Addressing the question of “What is happening?” also raises a host of secondary questions about norms and practices of interdisciplinary research, institutional frameworks for producing knowledge, governance, discursive conditions prevailing on public communication, the role of narrative, and the relationship between knowledge production and public policy, among other issues. 
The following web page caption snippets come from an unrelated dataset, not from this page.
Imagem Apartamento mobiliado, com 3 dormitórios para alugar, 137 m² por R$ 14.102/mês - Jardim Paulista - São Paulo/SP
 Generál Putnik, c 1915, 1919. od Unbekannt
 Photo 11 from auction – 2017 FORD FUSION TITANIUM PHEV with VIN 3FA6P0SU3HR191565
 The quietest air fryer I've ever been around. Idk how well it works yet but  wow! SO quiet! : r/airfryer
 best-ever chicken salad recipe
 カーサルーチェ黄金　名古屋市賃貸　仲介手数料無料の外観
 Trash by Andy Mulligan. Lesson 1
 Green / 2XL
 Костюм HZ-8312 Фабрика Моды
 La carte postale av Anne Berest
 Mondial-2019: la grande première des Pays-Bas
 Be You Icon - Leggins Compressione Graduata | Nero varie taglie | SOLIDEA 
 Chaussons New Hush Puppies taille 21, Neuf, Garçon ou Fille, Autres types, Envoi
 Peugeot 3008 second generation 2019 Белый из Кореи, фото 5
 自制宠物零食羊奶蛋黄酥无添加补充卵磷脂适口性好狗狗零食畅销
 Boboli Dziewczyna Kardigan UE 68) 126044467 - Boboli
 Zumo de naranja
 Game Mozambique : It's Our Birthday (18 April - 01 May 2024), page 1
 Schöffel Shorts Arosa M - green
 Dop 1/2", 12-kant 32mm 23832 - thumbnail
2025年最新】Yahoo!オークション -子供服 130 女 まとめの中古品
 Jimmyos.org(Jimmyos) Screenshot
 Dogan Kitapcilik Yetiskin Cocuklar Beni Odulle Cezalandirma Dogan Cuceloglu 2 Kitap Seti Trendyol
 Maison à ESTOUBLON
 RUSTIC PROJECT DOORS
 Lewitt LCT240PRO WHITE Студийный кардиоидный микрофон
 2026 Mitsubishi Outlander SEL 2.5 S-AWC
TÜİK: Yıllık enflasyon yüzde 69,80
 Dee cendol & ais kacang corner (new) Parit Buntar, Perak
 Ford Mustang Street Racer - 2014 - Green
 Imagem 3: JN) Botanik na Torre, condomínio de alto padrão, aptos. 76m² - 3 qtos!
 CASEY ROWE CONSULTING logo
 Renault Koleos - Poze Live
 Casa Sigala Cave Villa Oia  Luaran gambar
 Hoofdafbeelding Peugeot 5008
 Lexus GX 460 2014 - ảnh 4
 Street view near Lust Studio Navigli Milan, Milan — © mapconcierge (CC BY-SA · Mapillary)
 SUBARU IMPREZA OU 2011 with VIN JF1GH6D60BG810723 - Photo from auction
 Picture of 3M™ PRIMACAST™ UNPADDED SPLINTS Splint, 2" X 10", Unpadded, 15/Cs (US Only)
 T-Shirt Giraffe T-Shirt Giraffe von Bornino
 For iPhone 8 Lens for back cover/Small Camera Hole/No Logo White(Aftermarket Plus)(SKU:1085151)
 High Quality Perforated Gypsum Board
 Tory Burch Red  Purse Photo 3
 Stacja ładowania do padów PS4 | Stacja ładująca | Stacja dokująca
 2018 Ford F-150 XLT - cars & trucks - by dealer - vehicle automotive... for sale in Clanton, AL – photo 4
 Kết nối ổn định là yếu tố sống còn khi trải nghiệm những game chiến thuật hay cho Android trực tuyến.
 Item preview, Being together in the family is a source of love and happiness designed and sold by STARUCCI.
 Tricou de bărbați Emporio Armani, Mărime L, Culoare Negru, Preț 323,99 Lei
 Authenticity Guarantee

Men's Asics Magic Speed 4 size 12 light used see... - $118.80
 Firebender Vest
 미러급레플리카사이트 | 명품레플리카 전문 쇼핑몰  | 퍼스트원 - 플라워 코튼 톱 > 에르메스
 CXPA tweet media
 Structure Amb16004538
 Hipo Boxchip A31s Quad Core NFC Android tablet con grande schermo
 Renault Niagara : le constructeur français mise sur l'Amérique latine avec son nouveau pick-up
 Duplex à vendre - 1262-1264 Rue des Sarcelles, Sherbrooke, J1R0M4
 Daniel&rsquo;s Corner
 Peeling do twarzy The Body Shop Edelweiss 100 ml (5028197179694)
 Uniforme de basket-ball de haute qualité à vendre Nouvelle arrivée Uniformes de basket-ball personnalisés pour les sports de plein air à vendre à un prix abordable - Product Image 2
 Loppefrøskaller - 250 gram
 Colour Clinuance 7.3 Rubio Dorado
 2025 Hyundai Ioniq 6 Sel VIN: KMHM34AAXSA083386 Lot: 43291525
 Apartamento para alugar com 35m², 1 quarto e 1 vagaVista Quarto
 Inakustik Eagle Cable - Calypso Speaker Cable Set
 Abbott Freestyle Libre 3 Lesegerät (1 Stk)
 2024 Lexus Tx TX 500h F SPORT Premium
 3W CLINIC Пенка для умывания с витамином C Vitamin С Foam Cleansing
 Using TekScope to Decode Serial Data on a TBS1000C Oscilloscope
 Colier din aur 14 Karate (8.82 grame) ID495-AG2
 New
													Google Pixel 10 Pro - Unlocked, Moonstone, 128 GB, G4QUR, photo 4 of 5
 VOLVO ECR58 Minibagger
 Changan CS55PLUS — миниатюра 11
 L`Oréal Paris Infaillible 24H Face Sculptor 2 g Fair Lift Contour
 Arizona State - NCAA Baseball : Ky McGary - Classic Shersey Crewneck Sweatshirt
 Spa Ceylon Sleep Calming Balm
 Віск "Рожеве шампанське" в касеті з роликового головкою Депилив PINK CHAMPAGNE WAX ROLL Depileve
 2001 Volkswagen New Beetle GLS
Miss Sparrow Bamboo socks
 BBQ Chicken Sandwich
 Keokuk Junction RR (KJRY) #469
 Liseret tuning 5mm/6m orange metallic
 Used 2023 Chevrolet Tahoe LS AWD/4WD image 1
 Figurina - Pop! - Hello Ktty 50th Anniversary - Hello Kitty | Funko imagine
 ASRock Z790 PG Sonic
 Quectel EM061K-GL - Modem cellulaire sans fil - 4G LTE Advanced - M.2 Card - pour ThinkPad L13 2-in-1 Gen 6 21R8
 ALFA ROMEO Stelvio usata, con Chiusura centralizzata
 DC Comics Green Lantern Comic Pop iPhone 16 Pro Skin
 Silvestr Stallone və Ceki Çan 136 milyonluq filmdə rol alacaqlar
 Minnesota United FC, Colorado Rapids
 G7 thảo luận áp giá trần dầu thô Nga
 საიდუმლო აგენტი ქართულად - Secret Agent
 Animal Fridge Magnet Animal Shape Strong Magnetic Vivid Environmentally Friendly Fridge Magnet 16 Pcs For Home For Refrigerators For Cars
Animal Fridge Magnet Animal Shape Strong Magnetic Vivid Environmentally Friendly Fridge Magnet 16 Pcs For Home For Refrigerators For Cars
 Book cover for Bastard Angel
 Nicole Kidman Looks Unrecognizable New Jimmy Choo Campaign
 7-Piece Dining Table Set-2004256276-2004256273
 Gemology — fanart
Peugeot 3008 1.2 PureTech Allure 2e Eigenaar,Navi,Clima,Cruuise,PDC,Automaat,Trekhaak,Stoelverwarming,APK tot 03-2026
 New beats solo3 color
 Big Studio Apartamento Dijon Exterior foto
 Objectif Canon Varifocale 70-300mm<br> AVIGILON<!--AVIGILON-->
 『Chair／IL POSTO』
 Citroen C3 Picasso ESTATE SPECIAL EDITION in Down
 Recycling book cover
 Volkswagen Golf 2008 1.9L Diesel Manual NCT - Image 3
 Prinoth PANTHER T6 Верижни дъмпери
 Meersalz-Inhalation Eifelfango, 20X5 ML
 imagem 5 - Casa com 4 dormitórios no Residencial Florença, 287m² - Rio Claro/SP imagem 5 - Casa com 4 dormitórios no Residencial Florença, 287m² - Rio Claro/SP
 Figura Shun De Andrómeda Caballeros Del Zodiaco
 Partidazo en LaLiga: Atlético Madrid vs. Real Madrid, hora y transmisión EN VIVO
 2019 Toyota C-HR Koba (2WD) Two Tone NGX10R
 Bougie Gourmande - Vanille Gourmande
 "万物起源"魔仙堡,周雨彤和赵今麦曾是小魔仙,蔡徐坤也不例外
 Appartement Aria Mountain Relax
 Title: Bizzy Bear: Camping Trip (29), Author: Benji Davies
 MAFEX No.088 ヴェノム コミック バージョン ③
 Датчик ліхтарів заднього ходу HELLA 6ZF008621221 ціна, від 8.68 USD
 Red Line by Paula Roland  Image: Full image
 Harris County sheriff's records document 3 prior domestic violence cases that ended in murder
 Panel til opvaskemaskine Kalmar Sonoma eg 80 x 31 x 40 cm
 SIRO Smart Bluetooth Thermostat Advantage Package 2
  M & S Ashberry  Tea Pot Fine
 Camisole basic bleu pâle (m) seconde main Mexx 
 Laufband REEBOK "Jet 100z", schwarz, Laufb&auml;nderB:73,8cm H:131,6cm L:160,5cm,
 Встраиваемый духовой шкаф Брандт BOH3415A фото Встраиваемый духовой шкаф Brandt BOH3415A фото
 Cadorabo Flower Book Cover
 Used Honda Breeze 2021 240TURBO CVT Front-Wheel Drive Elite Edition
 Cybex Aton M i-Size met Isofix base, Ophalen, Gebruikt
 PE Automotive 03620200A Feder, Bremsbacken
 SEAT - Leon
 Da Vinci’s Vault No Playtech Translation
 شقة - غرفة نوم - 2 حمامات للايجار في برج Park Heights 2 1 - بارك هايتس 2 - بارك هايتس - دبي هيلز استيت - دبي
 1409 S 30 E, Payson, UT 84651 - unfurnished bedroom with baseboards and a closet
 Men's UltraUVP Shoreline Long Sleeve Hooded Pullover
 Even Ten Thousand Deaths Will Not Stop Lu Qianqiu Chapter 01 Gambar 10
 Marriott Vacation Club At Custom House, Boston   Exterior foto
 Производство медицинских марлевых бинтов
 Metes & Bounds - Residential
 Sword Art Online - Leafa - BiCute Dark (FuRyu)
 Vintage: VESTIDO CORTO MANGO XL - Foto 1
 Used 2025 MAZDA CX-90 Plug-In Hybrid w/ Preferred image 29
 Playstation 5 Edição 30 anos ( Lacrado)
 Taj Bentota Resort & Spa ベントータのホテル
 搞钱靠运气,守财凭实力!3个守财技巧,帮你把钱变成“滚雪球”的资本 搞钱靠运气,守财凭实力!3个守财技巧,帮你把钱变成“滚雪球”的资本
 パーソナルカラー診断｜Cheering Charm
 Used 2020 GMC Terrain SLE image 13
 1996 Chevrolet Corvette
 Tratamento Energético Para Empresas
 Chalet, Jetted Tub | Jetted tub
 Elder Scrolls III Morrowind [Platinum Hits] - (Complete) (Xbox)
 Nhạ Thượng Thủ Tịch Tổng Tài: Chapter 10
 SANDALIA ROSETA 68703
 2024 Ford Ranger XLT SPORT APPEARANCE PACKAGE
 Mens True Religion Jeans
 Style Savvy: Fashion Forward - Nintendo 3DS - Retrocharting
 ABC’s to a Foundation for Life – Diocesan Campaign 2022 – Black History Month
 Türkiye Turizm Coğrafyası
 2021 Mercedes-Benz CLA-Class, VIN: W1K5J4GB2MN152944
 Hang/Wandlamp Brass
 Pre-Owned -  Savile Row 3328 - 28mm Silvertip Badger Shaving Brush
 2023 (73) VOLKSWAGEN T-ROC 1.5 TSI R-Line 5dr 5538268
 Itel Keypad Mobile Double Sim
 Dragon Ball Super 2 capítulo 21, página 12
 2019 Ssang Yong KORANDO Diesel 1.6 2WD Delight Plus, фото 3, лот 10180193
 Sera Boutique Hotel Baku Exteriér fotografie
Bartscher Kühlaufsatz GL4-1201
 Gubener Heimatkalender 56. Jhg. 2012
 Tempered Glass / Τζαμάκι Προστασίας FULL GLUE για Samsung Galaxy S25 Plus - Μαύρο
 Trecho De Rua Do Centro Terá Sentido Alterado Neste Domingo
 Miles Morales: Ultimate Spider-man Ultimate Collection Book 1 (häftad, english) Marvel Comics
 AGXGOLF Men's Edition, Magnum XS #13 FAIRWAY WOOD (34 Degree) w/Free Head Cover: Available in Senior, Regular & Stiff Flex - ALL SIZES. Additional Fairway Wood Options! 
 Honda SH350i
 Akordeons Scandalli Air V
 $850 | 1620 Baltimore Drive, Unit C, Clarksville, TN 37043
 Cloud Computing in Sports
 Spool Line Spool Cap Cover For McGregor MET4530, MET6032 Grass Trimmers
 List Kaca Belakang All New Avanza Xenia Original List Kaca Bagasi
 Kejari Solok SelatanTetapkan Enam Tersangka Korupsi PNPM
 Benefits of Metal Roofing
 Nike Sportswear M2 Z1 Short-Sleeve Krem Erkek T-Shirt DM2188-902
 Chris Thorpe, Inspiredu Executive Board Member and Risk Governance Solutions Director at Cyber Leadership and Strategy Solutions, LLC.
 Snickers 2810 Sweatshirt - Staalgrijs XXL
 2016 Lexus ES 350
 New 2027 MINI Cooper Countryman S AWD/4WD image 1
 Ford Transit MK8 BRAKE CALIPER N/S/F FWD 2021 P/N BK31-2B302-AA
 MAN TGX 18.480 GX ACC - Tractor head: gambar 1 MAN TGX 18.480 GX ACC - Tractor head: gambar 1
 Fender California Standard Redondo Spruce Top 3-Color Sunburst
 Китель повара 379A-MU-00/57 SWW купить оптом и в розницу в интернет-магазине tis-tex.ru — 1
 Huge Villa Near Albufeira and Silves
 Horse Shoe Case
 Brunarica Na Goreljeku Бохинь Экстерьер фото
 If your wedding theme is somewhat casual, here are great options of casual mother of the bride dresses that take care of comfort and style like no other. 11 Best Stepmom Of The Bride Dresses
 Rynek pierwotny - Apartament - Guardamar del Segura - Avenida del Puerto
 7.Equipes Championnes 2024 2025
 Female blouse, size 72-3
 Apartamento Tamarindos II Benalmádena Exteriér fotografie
The second question, “How did we get here?”, engages many of the same issues as the first, but within a specifically historical context, which presents its own problems. It might even seem, at first, that the question of “what is happening” cannot be separated from the history of “what happened,” since the foundation for empirical claims is by necessity evidence of past events. Yet as soon as we begin to organize information about the past into meaningful sequence — to turn data into narrative — we encounter questions of meaning, language, identity, and orientation that turn the already complex challenge of describing reality into the inescapably value-laden activity of defining the limits of a human social collective in time: saying who “we” are. This problematic, which includes related issues of justice, teleology, and the meaning of the “good,” cannot be adequately addressed by scientific methods, while humanistic and artistic attempts to engage the problematic cannot hope to succeed without due attention to the knowledge and insights offered by scientific research

Finally, we must take up the question of “What is to be done?” This question cannot be left to debates between economists and scientists, nor to the whims and promises of politicians, but must be grappled with in the deepest possible philosophical sense. Climate change poses an existential threat to civilization as we know it, if not to the human species. Coping with climate change and adapting to the new planetary environment currently emerging demands the urgent revaluation of inherited cultural frameworks, vigorous debate on meaning and value, and visionary forethought. To feel our way into an unknowable future, our reach must exceed our grasp, and we must be willing to step beyond the enlightenment of evidence into the penumbral shadow of decision. Only through a commitment to rigorously exploring humanistic questions of value, ethics, aesthetics, form, identity, and narrative can we hope to cultivate the judgment required for right action.

“For questions about moral value—how we ought to decide and act—science can inform our deliberations, but it cannot provide the answer…. We may need to reconcile ourselves to the fact that we are facing not simply a passing crisis, but a new normal. For that and similar challenges, we need moral insight.”